- [The task]: Write out the line that holds "Bar III XX-Small" together with every line that follows it to the end of the material below, exactly. Omit the pictures.

- [Data supplied]:
╭──

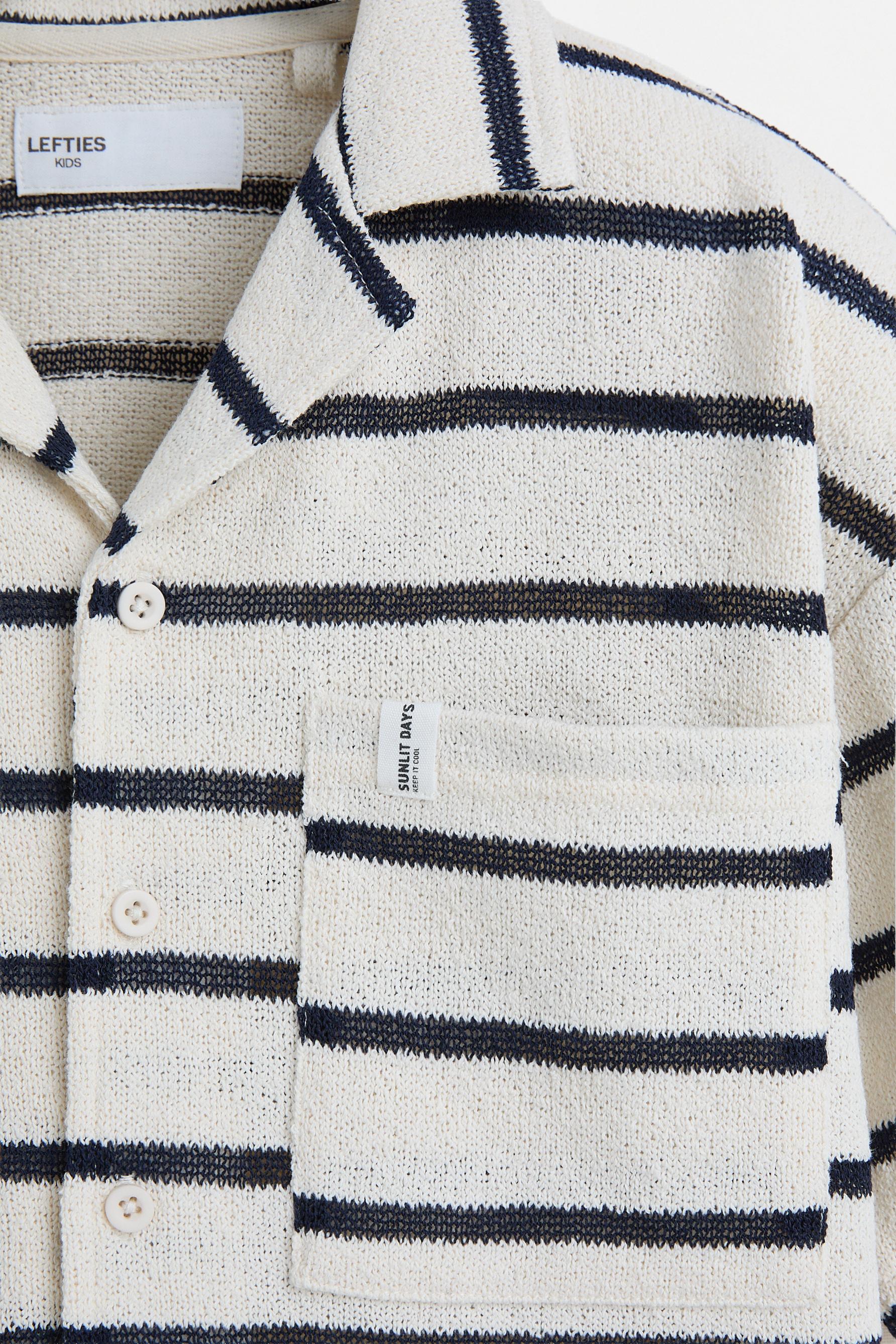 Bias cut striped shirt — ECRU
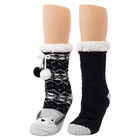 Cuddl Duds 2 Pair Black & White Sherpa Lined Critter Socks NEW 4-10 — photo 2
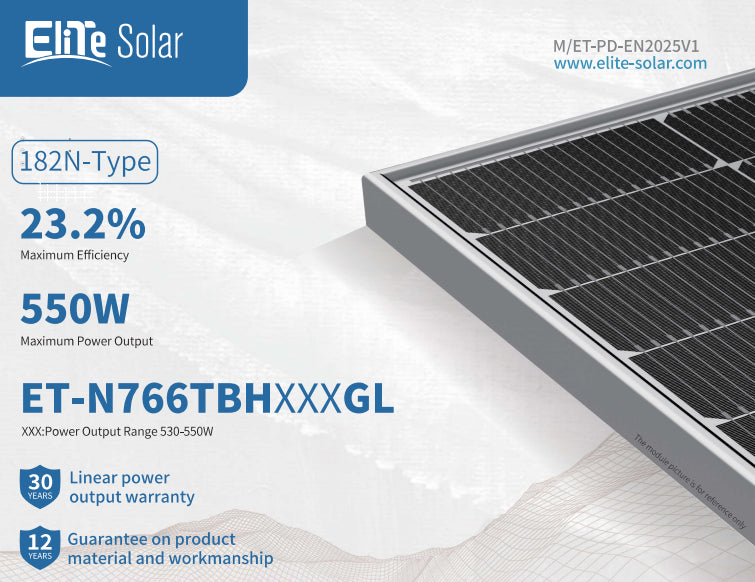 Wuxi Elite Solar Power Holding Pte. Ltd. - Solarmodul - ET-N766TBH530-550GL ET-N766TBH535GL - Art. 234146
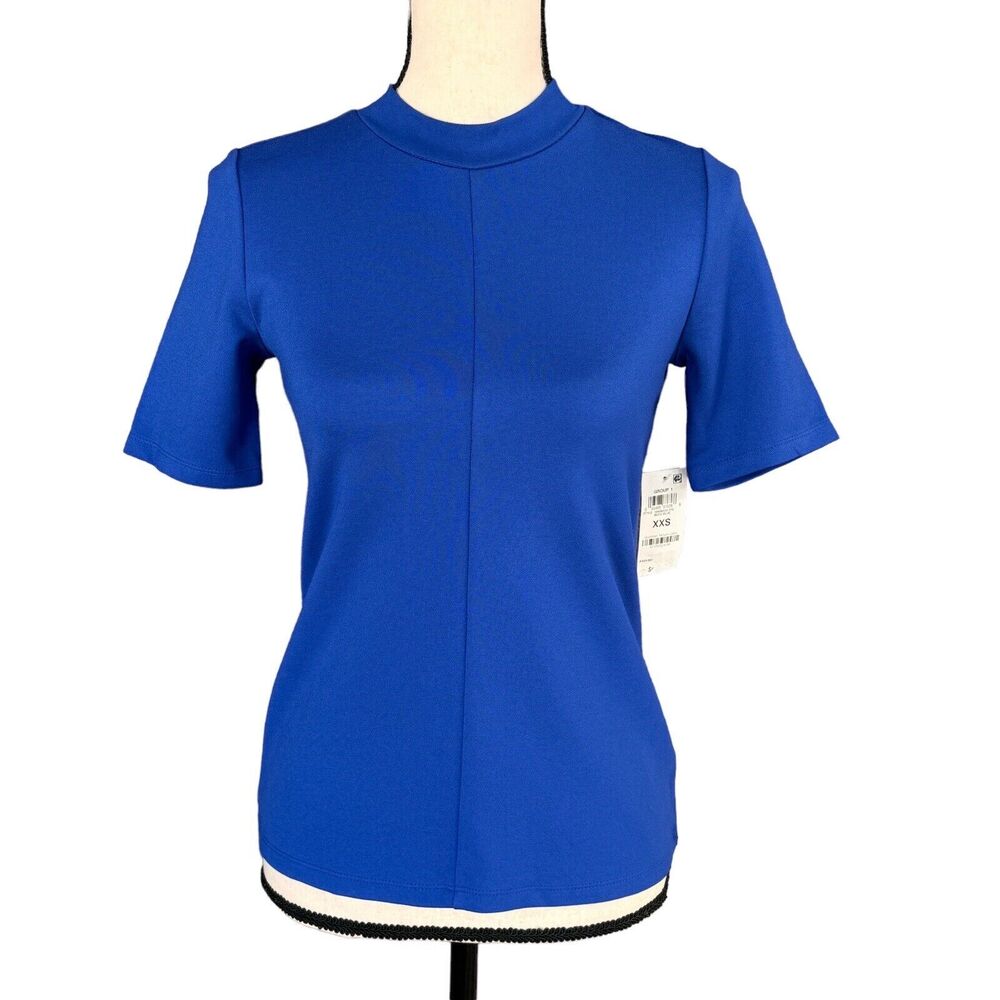 Bar III XX-Small Top Round Neck Stretch Short Sleeve Blue New
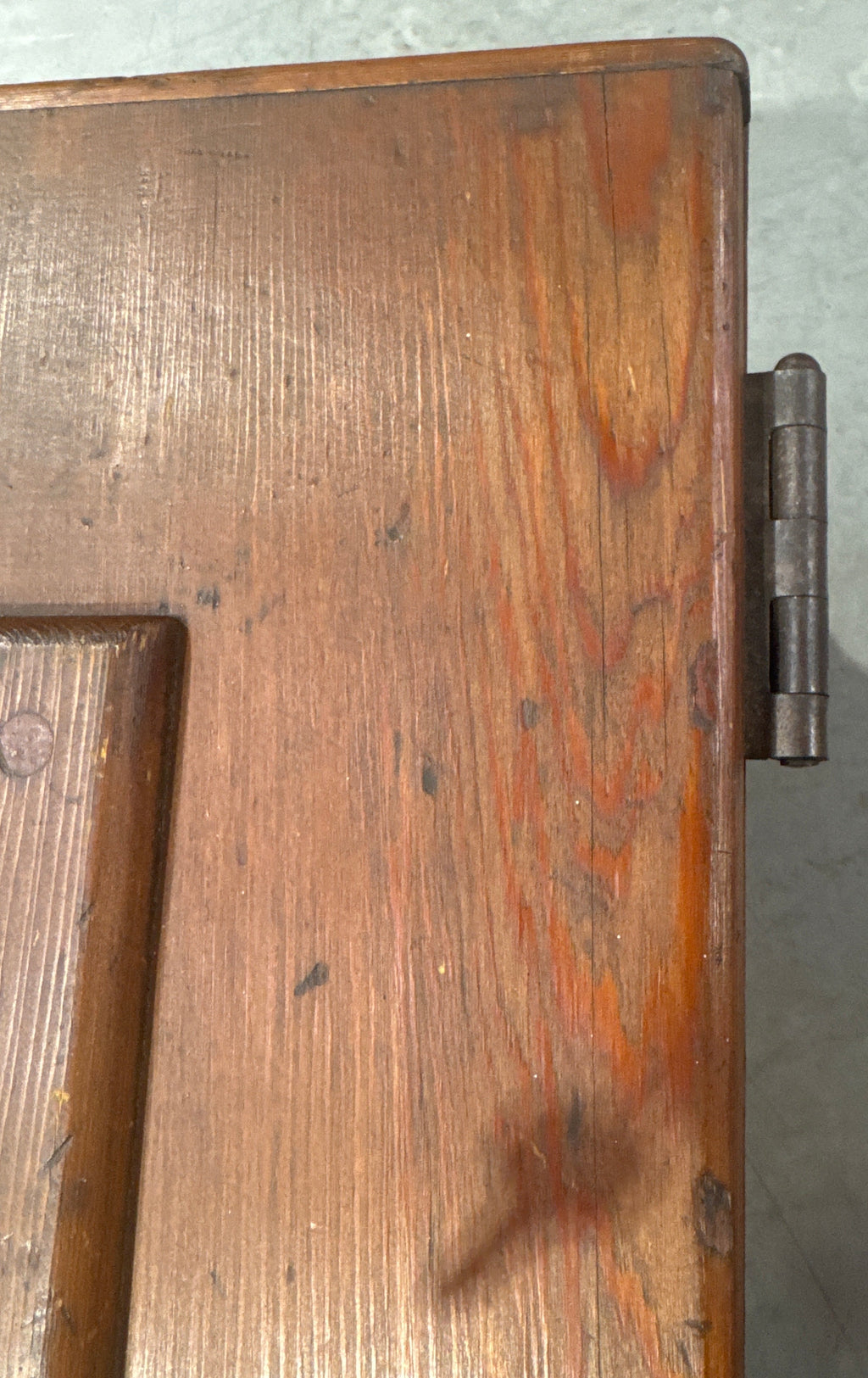 Antique Late 19th Century Primitive Lift Top Wood Carpentry Chest Trunk with Wrought Iron Latch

╰──

- [Exercise output]:
 Bar III XX-Small Top Round Neck Stretch Short Sleeve Blue New
 Antique Late 19th Century Primitive Lift Top Wood Carpentry Chest Trunk with Wrought Iron Latch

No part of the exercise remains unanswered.